Immunotherapy — It uses a body’s own immune system to fight cancer — and also just happens to be one of the hottest topics in the medical technology area recently… Oh, also it’s completely dominating the biotech scene in Seattle, it’s taken over giant research facilities such as Fred Hutchinson Cancer Research Center and even Alpine Immune Sciences, a start-up company…
But it’s pretty complex, in order for it to work, doctors need to handle thousands of cells and molecules, which can indeed prove to be quite difficult…
But let’s welcome Nexgenia, a brand-new startup that can easily sort samples by tweezering out certain cells and molecules, which could prove to be invaluable when it comes to creating these immunotherapies…

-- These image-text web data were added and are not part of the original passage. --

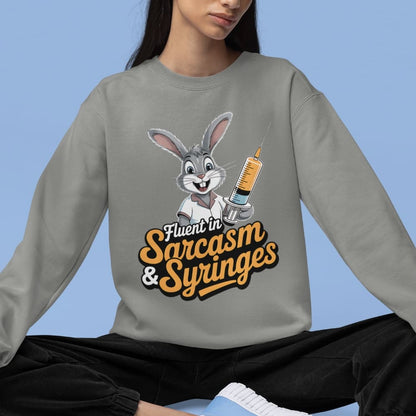 Person wearing a gray sweatshirt with a cartoon character and text on a blue background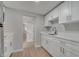 Modern kitchen featuring white cabinets, stainless steel appliances, and streamlined design at 2303 Bonneville Dr, Orlando, FL 32826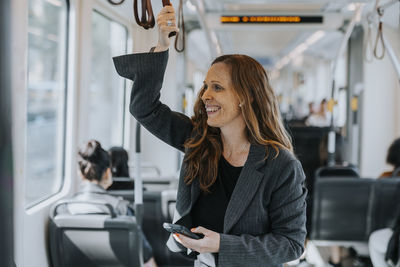 Happy female passenger holding smart phone while standing in train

With CEO Ron Myers at the helm of the operation, Nexgenia is now employing their tech into the production of immunotherapy, and Myers now is saying that the company will soon be expanding to brand new applications.
The new operations will be fueled directly from a big $2 million dollar fund, from mostly W Fund and the Washington Research Foundation.

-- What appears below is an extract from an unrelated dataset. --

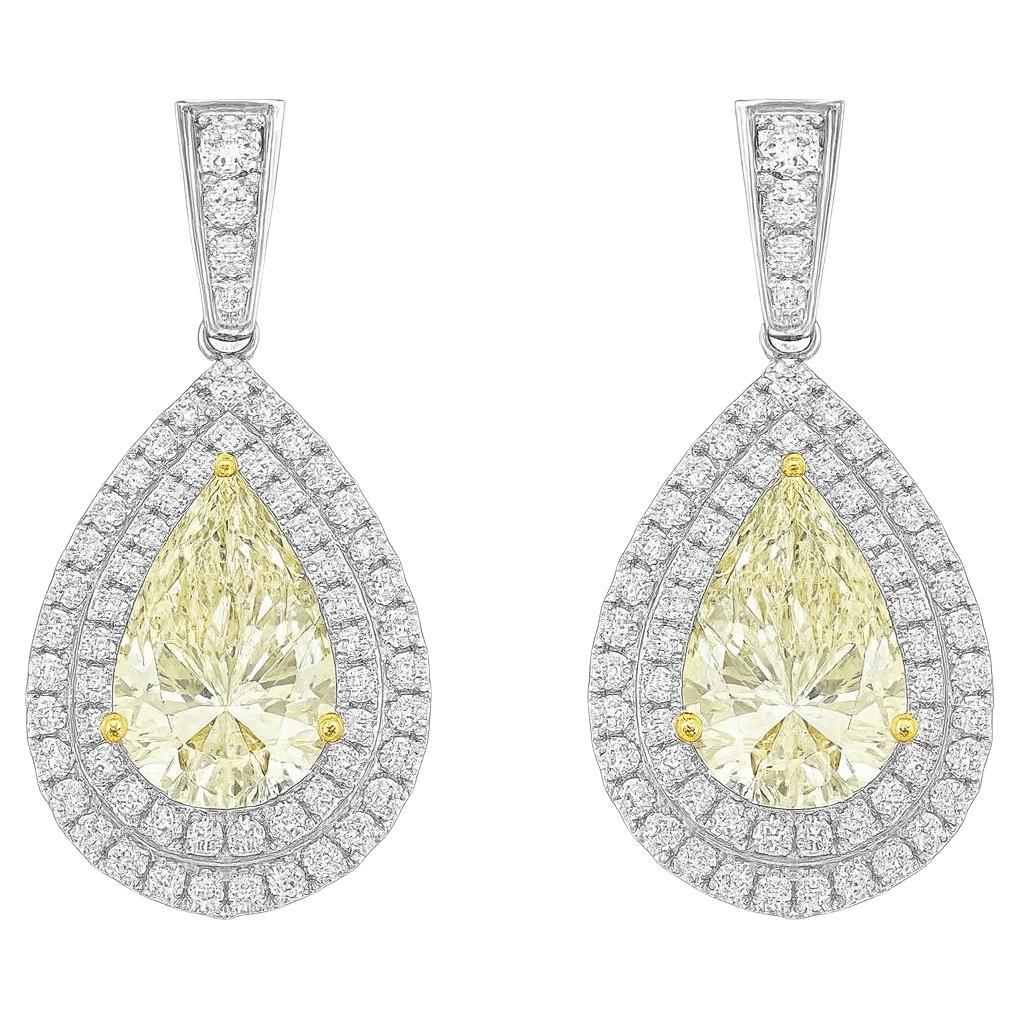 Orecchini a goccia in platino con pera e diamante rotondo in vendita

“We’ve learned a lot about our technology in the last two years,” Myers said. “There’s a whole host of applications we could take these reagents into, and we’re still digging down into what will be the best applications to pursue first.”
Nexgenia is using polymers, which are long chains of organic molecules, that have been programmed to respond to certain stimuli such as temperature, salinity, or acidity. “So basically polymers will be in a solution at 25 degrees but if I increase the temperature to 27 degrees they will come out of solution,” Myers says.
In using antibodies, scientists can now make polymers that can latch directly on to certain cells or molecules, and then by adding some metallic compounds, but they can also draw the polymers and cells closer together so that they can extract them from a special solution. Watch it in action right here:
There aren’t many companies are able to produce reagents that are so effective, Myers said, particularly because detaching the cells is important step in immunotherapy.
The reagents are currently being used to separate, expand, and activate cells during the immunotherapy process, but could also be used in areas like molecule and protein separation, or even diagnostics, Myers said.
“Basically, if you have something you want to remove from a a sample or out of solution we can do that for you under virtually any condition,” he said.
Nexgenia was spun out of the University of Washington’s Pat Stayton Lab in 2011 and Stayton, one of the original founders, still works as a consultant with the company. The startup employs eight, and is based on the UW’s campus.